Clicca per Ingrandire IL PARCO DICE NO = Venerdì 2 maggio ho salutato i miei amici di Facebook con le calde sonorità del sax suonato da Gato Barbieri. Il pezzo, magnifico, è tratto dalla colonna sonora del film “L'ultimo tango a Parigi” diretto da Bernardo Bertolucci, film mandato al rogo come Giordano Bruno dalla bacchettona censura italiana per la scena del burro fra Marlon Brando e la sodomizzata Maria Schneider. Scelta non casuale, ma suggerita nel solco del racconto che vede protagonista la Piana di Calenella (in agro di Vico del Gargano; ndr), prossima a essere imburrata e sodomizzata da un gruppetto di amici praticoni, tenuti al riparo da occhi indiscreti per effetto di quel cono visuale salvifico delle ali a Est come a Ovest della piana (vedi foto 1 sotto, segnalata da Domenico Sergio Antonacci; ndr).
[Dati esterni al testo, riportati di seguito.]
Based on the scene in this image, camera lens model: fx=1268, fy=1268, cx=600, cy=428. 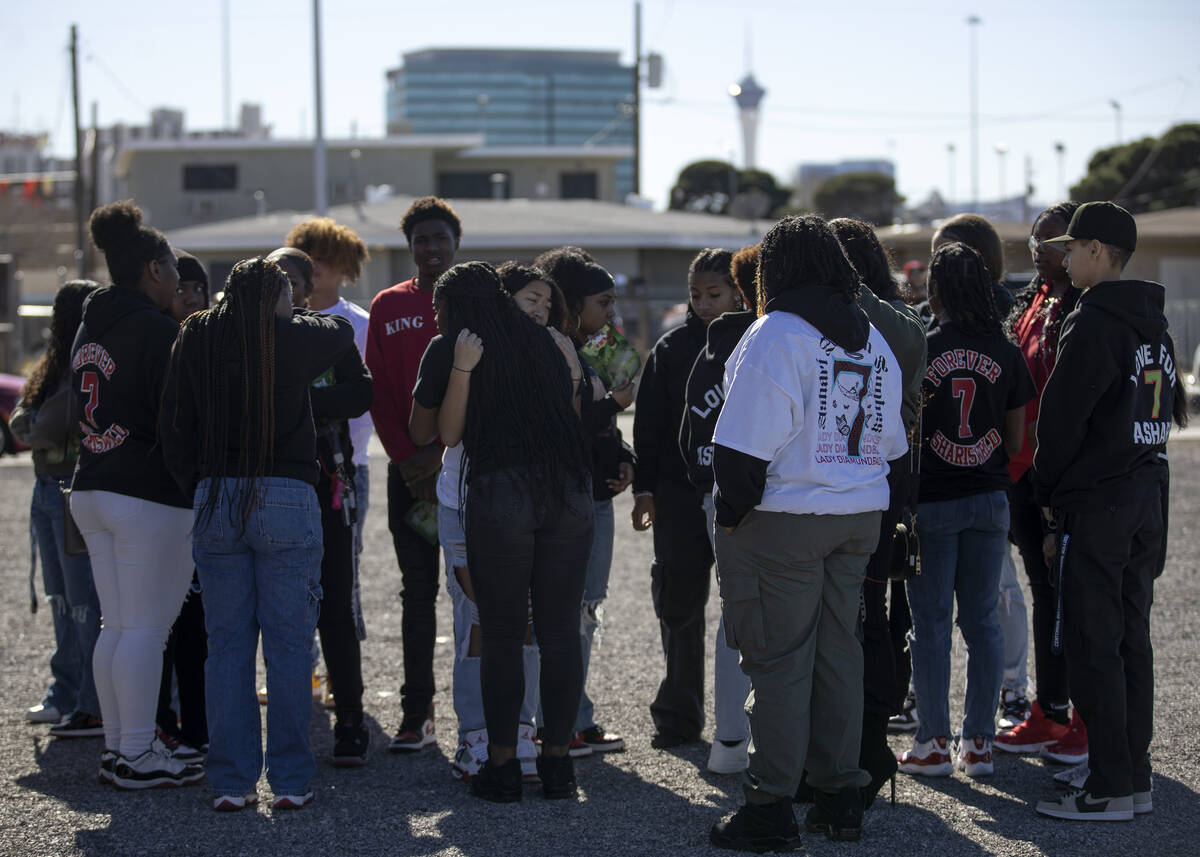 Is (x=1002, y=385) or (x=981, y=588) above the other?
(x=1002, y=385)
Il ‘Rapporto Ambientale’, infatti, che accompagna ed esalta le scelte del Piano Urbanistico Generale del Comune garganico sulla Piana di Calenella recita: “Trascurabili sono anche stimati gli impatti, pure ipotizzabili, indotti dalle ‘modificazioni socioeconomiche o di gestione tradizionale delle risorse’, il passaggio di questo particolare territorio a usi sempre misti agricolo-ricettivi, ma nei quali la componente turistica assume maggior peso - sebbene benvenuta per molteplici ragioni, tra le quali non ultima la possibilità di conservare all’attuale uso agricolo la Piana di Calenella - indurranno certamente uno stress ambientale, per il momento sconosciuto, che potrebbe compromettere i valori ambientali del SIC (Sito d'Interesse Comunitario) ‘Pineta Marzini’, per conto suo sottoposta di nuovo a un uso intensivo, causa recupero del campeggio comunale in essa previsto”. (Finalmente abbiamo capito perché il villaggio turistico Macchia di Mare è chiuso e abbandonato; nda.)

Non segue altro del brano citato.